▶ **What to do**
Write out the data word for word, taking care that no picture is carried over.

▶ **Raw data**
▼

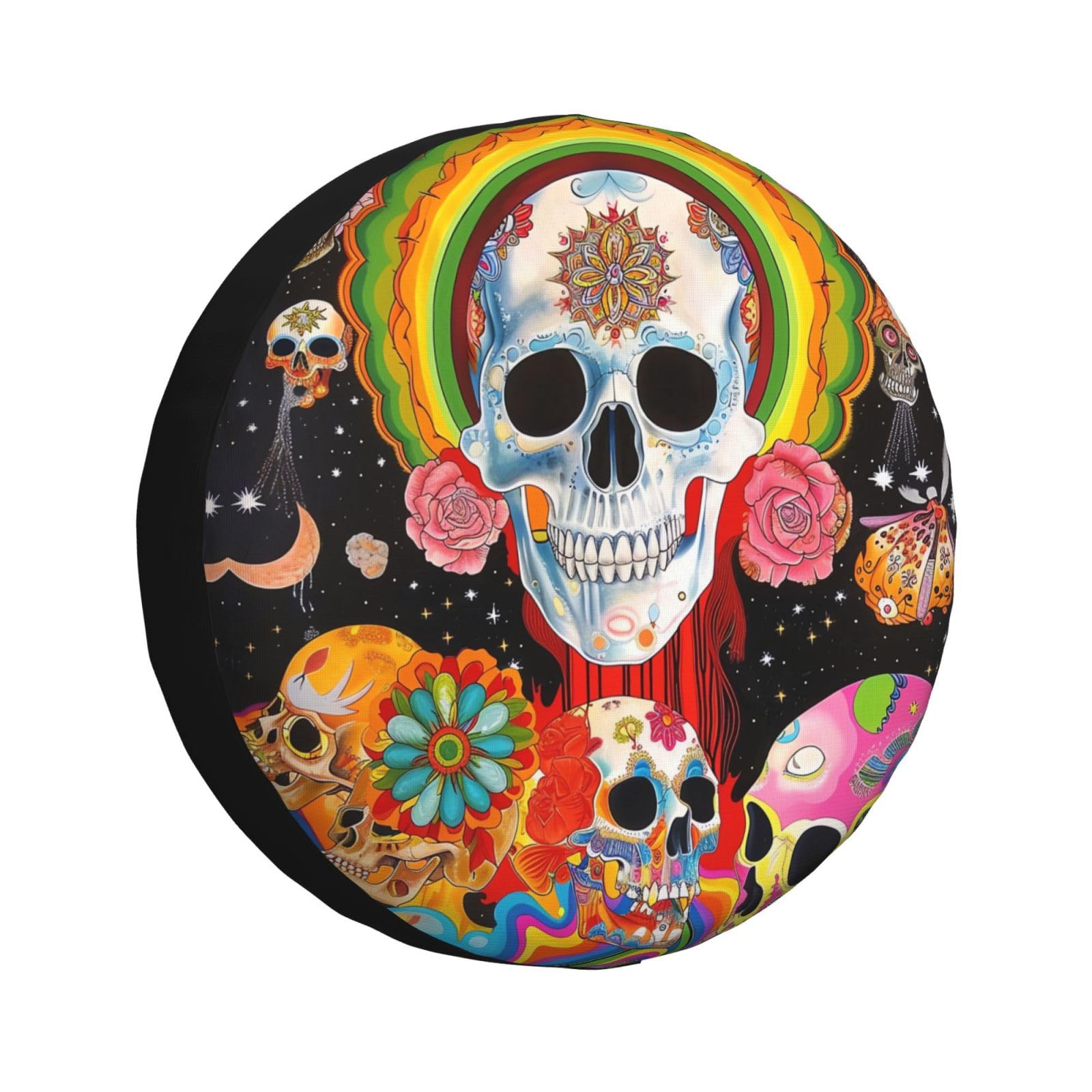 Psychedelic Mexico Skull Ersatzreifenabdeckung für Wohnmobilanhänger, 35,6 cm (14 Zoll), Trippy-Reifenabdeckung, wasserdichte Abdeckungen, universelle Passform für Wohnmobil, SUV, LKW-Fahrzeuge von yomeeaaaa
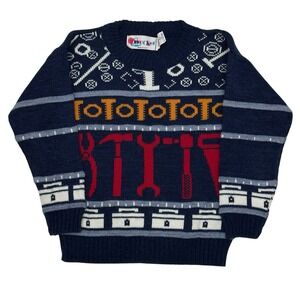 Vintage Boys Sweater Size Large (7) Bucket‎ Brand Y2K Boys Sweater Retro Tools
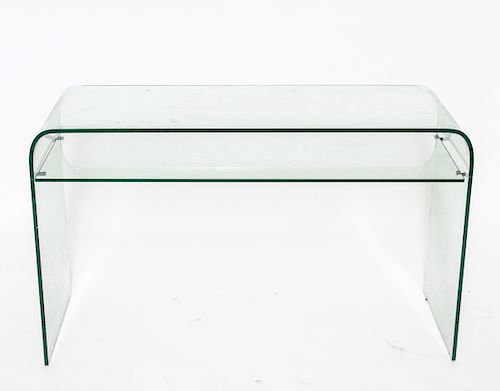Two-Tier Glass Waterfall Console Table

▲

▶ **Task answer**
 Psychedelic Mexico Skull Ersatzreifenabdeckung für Wohnmobilanhänger, 35,6 cm (14 Zoll), Trippy-Reifenabdeckung, wasserdichte Abdeckungen, universelle Passform für Wohnmobil, SUV, LKW-Fahrzeuge von yomeeaaaa
 Vintage Boys Sweater Size Large (7) Bucket‎ Brand Y2K Boys Sweater Retro Tools
Two-Tier Glass Waterfall Console Table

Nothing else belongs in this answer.